I easily installed the new EA game, Real Racing 3 on the Mini Studio, but it wouldn’t even install on my Iconia A500. I should note that Real Racing 3 is very graphic intensive and it played flawlessly on the Mini Studio. Smooth and the graphics looked great, if you like racing games then give it a try.
I also tried other larger games like Dungeon Defenders and Bard’s Tale, they worked perfectly fine, then of course I played the usual things like Angry Birds, which played fine as well.
When it comes to mobile devices one of the most important things is battery life and I had to test it for this tablet.

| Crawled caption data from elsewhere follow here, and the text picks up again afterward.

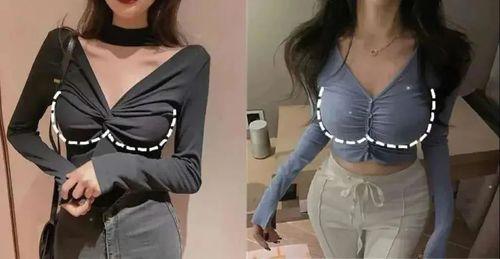 女人 穿内衣视频,女性私密时刻的视觉解读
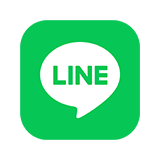 LINEアイコン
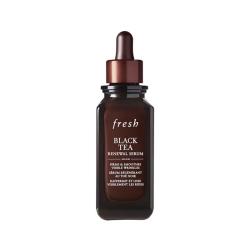 馥蕾诗 红茶凝时焕颜精华液 50ml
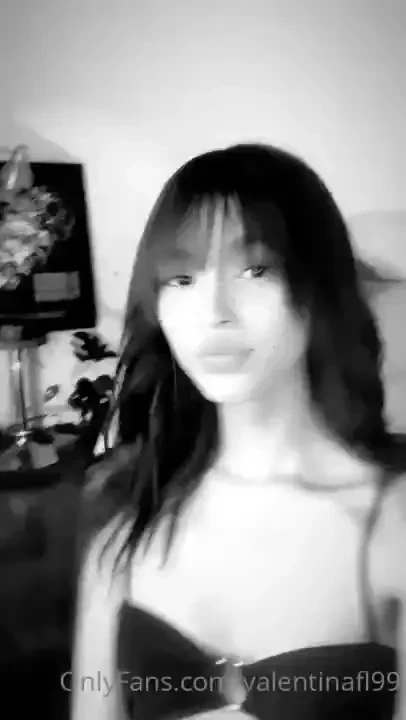 Roxyybaby1 part 18 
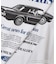 GOOD ROCK SPEED SLOBE別注 Mustang TEE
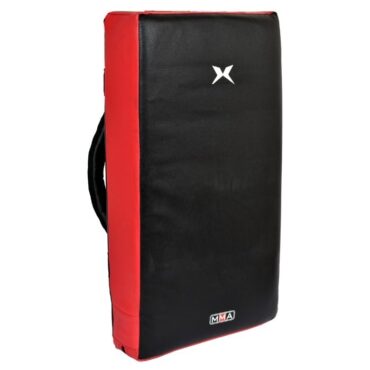 Xpeed XP1601 Cured Coahing Shield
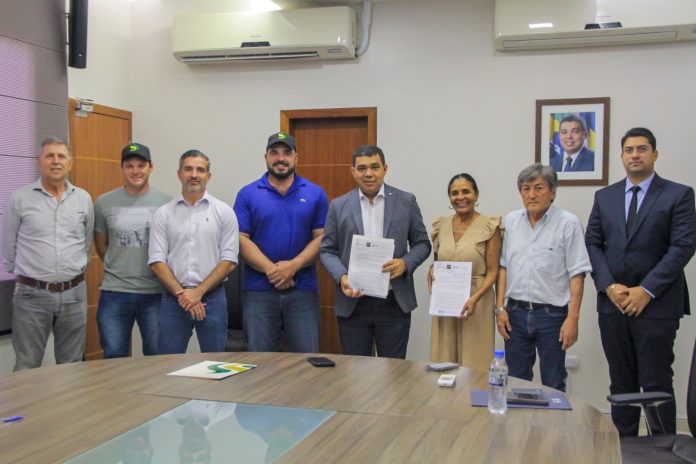 c84f53d8-f510-4710-9c78-0f36e2911ee7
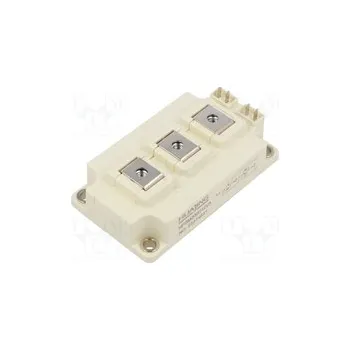 Polovodič HFGM200D12V3-HUA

The main test I ran was just turning it on and using it. One day I turned it on and then I left it on, every once in a while I’d check my email, download updates, and install an app or two over wi-fi. I just let it go and doing just minimal things I got a little over two days and 18 hours before the battery icon lit up red and I got the warning to charge the battery. I’d say that’s pretty good, remember though that’s just doing a minimum amount of things, but I never actually powered the tablet off. Yes the tablet does go into a sleep mode after however many minutes you set it, which is a good thing as it saves battery life but let’s you quickly get started again since you won’t have to totally boot the tablet.
I also ran another battery test used the tablet non-stop, never letting it go to sleep. I constantly was downloading, updating, checking my email and playing games or watching Netflix. I never once let the tablet go to sleep. Sadly I didn’t get a chance to get a screenshot because that battery died before I could. I got slightly over four hours of non-stop continuous use. You do have to remember of course that how I was using it was rather atypical, at least I think so. If I take my tablet out to use it for entertainment I personally would turn off the wi-fi, as there’s no real need for it to play games or watch movies, except for Netflix. Anyway, I turn off the wi-fi to conserve battery life when I have no real use for it and I would hope other people would do the same.

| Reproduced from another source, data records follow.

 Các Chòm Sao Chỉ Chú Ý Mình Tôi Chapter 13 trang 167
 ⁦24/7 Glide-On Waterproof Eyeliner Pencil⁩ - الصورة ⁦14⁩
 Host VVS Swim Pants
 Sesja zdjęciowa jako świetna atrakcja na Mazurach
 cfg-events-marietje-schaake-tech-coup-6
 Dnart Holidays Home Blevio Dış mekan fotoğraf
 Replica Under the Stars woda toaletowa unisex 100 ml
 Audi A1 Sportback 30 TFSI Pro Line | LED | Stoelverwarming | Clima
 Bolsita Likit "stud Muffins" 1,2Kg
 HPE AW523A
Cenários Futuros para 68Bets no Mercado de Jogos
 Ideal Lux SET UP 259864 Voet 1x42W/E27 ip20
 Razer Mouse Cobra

Well there is only one sensor, and that’s the G-Sensor or the one that detects movements. To test that I tried some games that specifically use it like Hungry Shark for instance, and it seems to work great. I tried it in a few other games as well, and they worked fine.

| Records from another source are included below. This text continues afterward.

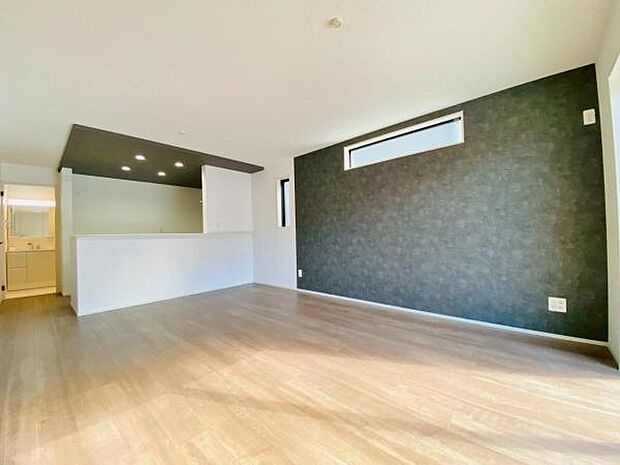 1号棟（2025年12月）撮影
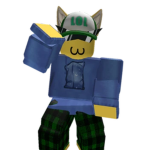 Tinoplayzz Fan Group
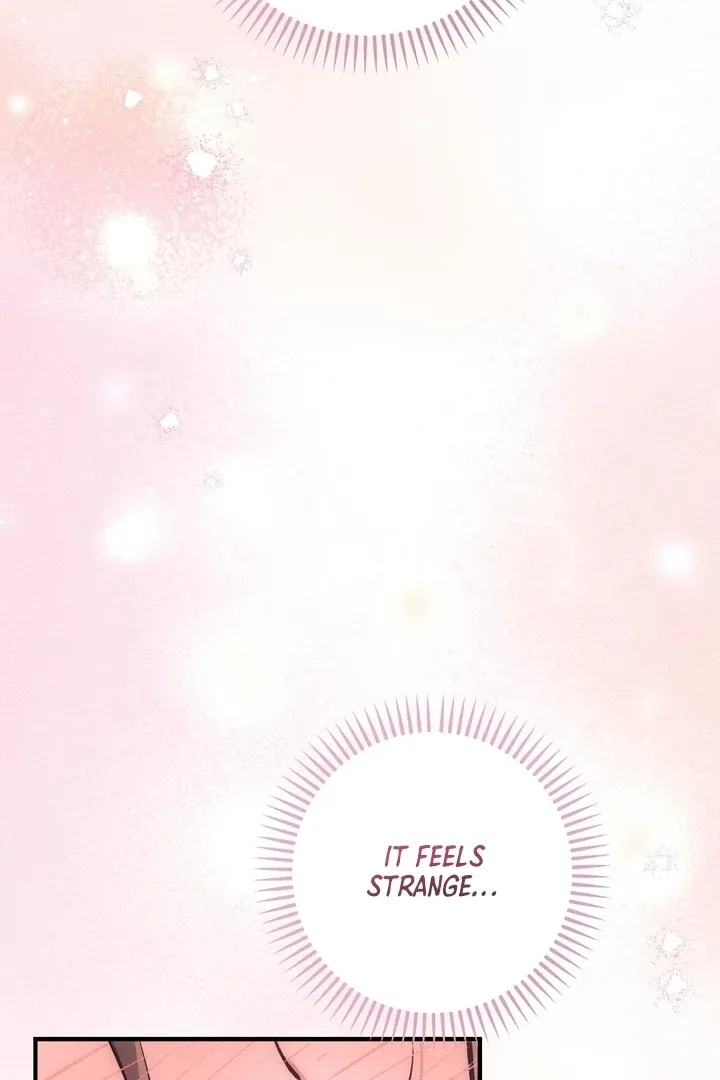 Chapter 5 - Image 111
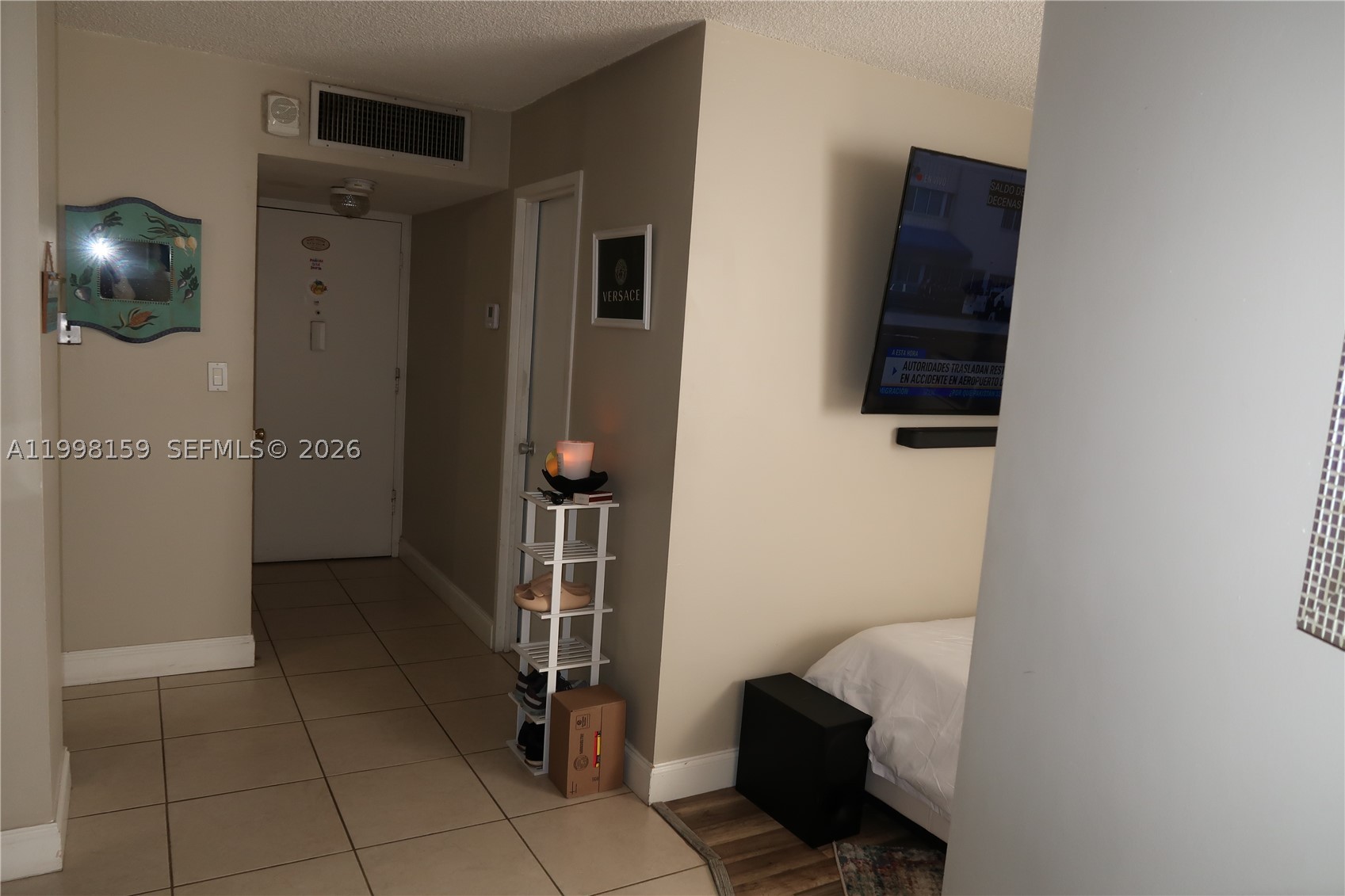 Hallandale Beach photo 4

The Mini Studio only has Wi-Fi and Bluetooth, there’s no 3G or GPS built into it. You can add 3G to it via a dongle though, so that option is always open for you. For me personally wi-fi is more than good enough for my needs.
Wi-Fi, no issues to report here, it connected to my home wi-fi quickly and easily and every time I turned it back on it automatically connected. Range is fine, wherever I went in my house, upstairs or downstairs I had a signal.
Bluetooth, it’s Bluetooth, not sure you’d really use it for much but it’s a nice option to have anyway.
The tablet could connect to my computer with no issues and offered A2DP, Object Push and Remote Control over Bluetooth.
I did try hooking up my Jawbone2 BT headset and it paired to the Mini but didn’t really do anything. It says Phone Audio, I thought I’d be able to play music or sound through it but I guess not.
I did have some odd lockups after I enabled Bluetooth and tried to pair it. At one point it was locked up and the screen went black and then the tablet just shut off.
There is an option for Ethernet but you’ll need to buy and adapter, specifically a microUSB to Ethernet one. (Why you’d want to be wired I don’t know, but the option is there just in case.)